Darwin was mostly right. However, he is wrong in some of the details. So
what? He *isn't* Holy Writ.
>Yet what is noteworthy is that the opposing Dawkins and Gould camps argue
>among each other they each try to claim they are the true followers of the
>master! Indeed, Dawkins
it's because they both are Darwinists. :-) and they will continue to argue
the details. So what?
>SB>Gould also wrote:
>>"We [Gould and Eldridge] believe that Huxley was right in his warning. The
>>modern theory of evolution does not require gradual change. In fact, the
>>operation of Darwinian processes should yield exactly what we see in the
>>fossil record." (Gould, Panda's Thumb, p182)
>
>This is a common misunderstanding. The fact is, as Dawkins rightly points out,
>that Gould and Eldredge do not really deny "gradual change":
"does not require gradual change" in no way means "gradual change never
happens." Obviously gradual change sometimes happens.

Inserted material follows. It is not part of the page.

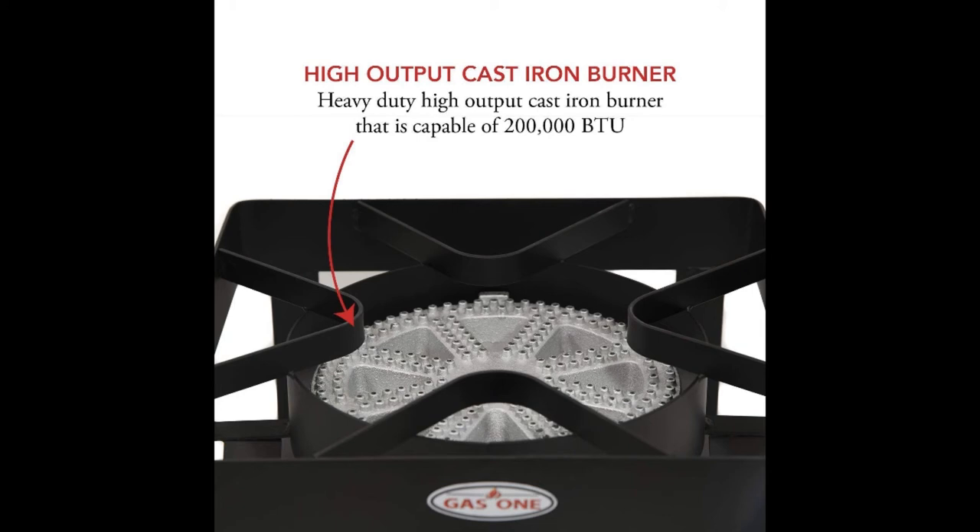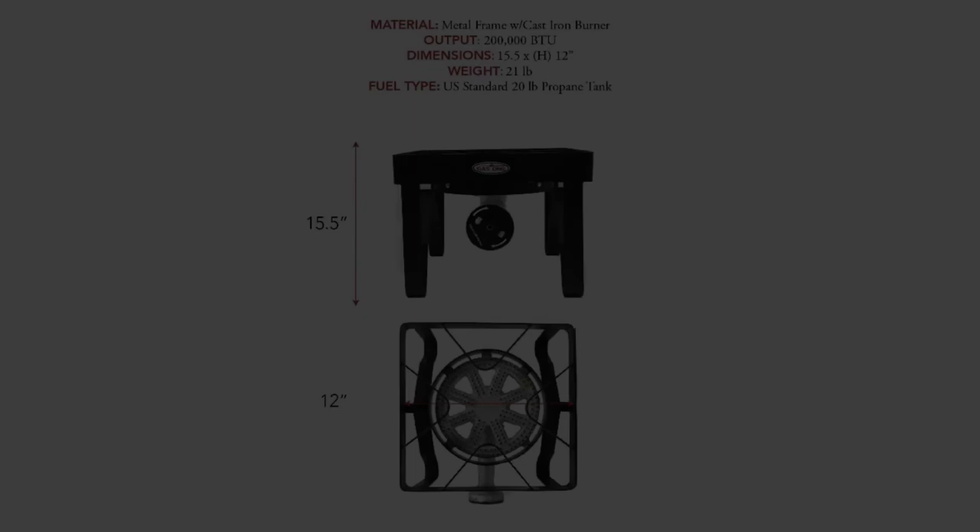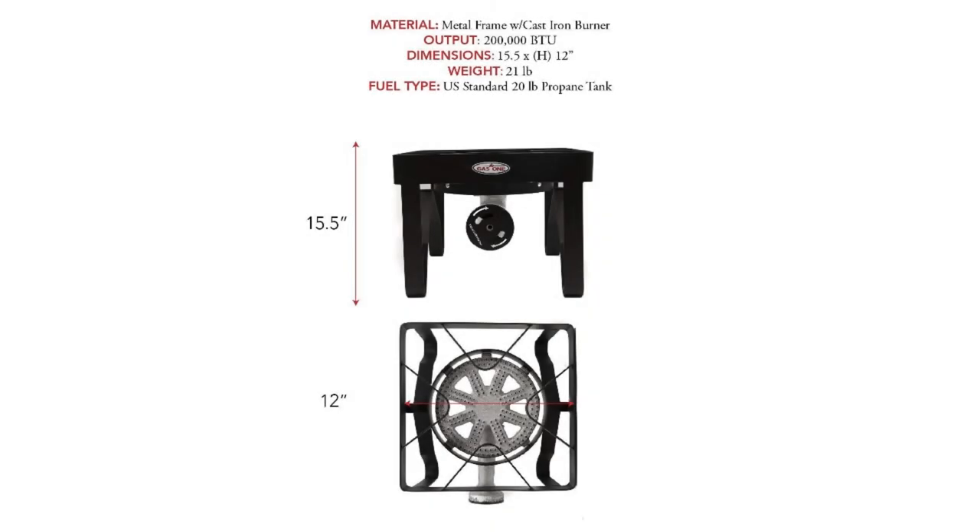The GAS One 200,000 BTU Square Heavy Duty Single Burner offers a heavy duty design with quality materials to ensure you get maximum usage out of the product. It is an ideal option for more than just brewing, as the burner can also be used for outdoor cooking, camping, and more.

>"As I have stressed, the theory of punctuated equilibrium, by Eldredge and
>Gould's own account, is not a saltationist theory. The jumps that it
postulates >are not real,
>singlegeneration jumps. They are spread out over large numbers of generations
>over periods of, by Gould's own estimation, perhaps tens of thousands of
>years. The theory of punctuated equilibrium is a gradualist theory, albeit
it >emphasizes long periods of stasis intervening between relatively short
bursts of >gradualistic evolution." (Dawkins R., "The Blind Watchmaker,"
1991, p244)
ah! I don't generally care for Dawkins (he may be a great zoologist, but
he's a lousy philosopher) but thank you! You've proved my point!
Susan
--------
Life is short, but it is also very wide.